**Task item**
Exactly the lines from the beginning of the records to the line with "Meet your Posher, Beth schalk", both ends included, are to be given again, and pictures are to be left out.

Given records Start Marker

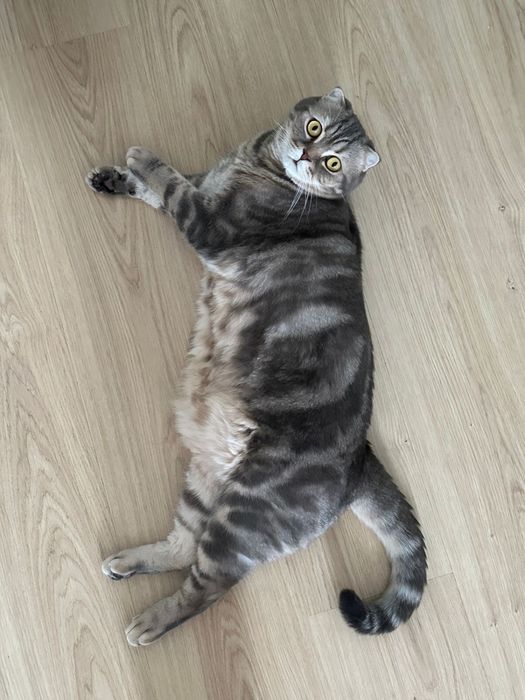 Шотландский вислоухий кот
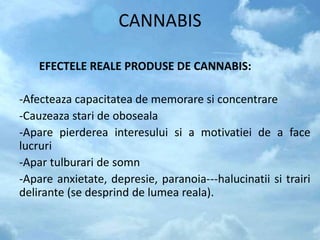 CANNABIS
EFECTELE REALE PRODUSE DE CANNABIS:
-Afecteaza capacitatea de memorare si concentrare
-Cauzeaza stari de oboseala
-Apare pierderea interesului si a motivatiei de a face
lucruri
-Apar tulburari de somn
-Apare anxietate, depresie, paranoia---halucinatii si trairi
delirante (se desprind de lumea reala).
 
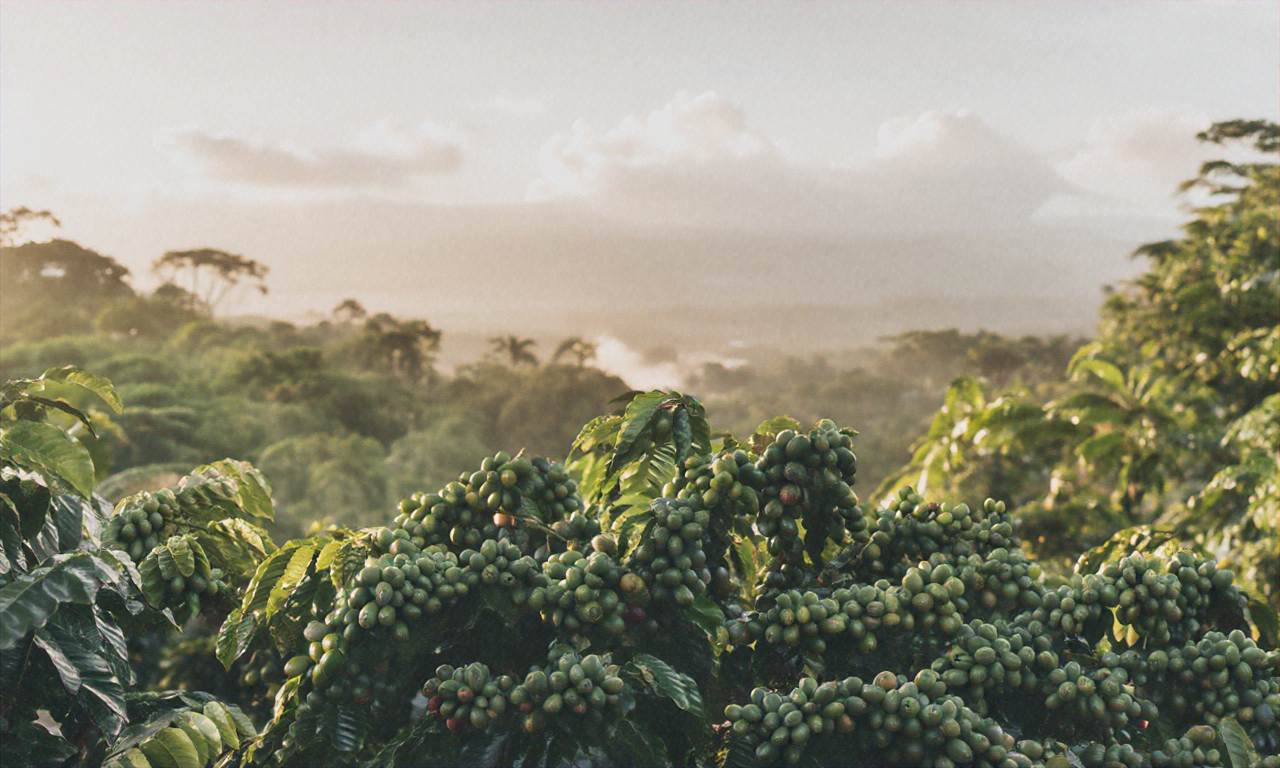 Jak zmienia się sektor kawowy na Jamajce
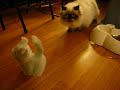 Cat VS Robot Cat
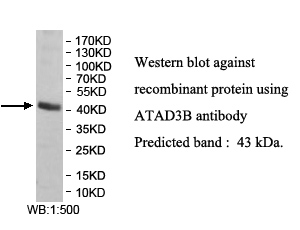  ATAD3B抗体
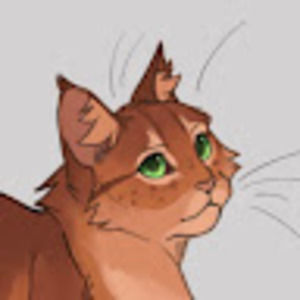 Meet your Posher, Beth schalk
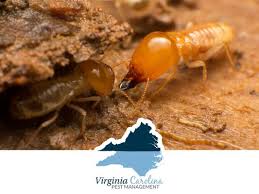 Maybe you would like to learn more about one of these? Virginia Carolina Pest Management 978 Everetts School Rd Roanoke Rapids Nc Pest Control Mapquest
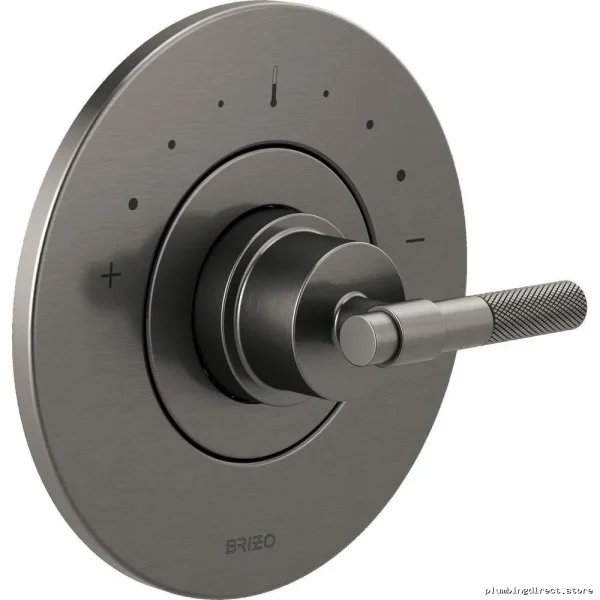 Brizo Luxe Steel Thermostatic Shower Trim Kit with T-Lever Handle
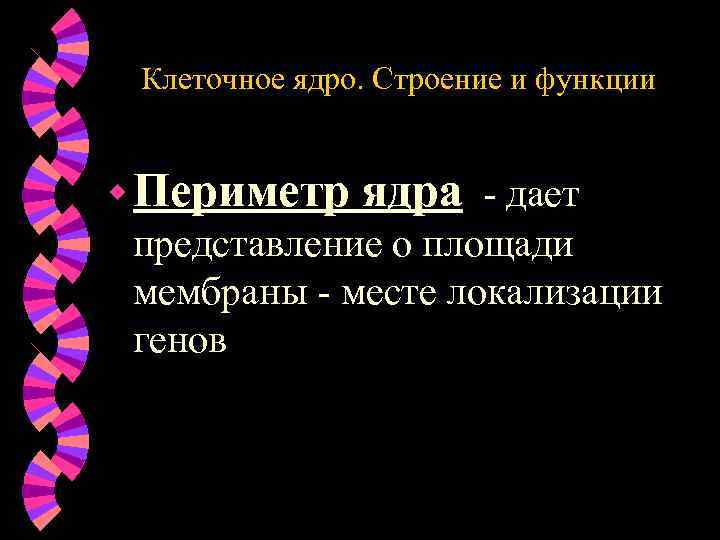 Клеточное ядро. Строение и функции w Периметр ядра - дает представление о площади мембраны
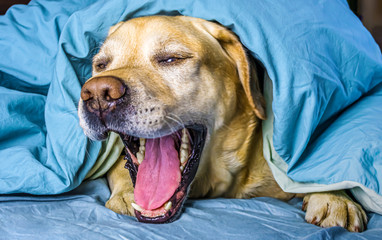 joyful white labrador lies on the bed under a blanket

Given records End Marker

**Task answer**
 Шотландский вислоухий кот
 CANNABIS
EFECTELE REALE PRODUSE DE CANNABIS:
-Afecteaza capacitatea de memorare si concentrare
-Cauzeaza stari de oboseala
-Apare pierderea interesului si a motivatiei de a face
lucruri
-Apar tulburari de somn
-Apare anxietate, depresie, paranoia---halucinatii si trairi
delirante (se desprind de lumea reala).
 
 Jak zmienia się sektor kawowy na Jamajce
 Cat VS Robot Cat
  ATAD3B抗体
 Meet your Posher, Beth schalk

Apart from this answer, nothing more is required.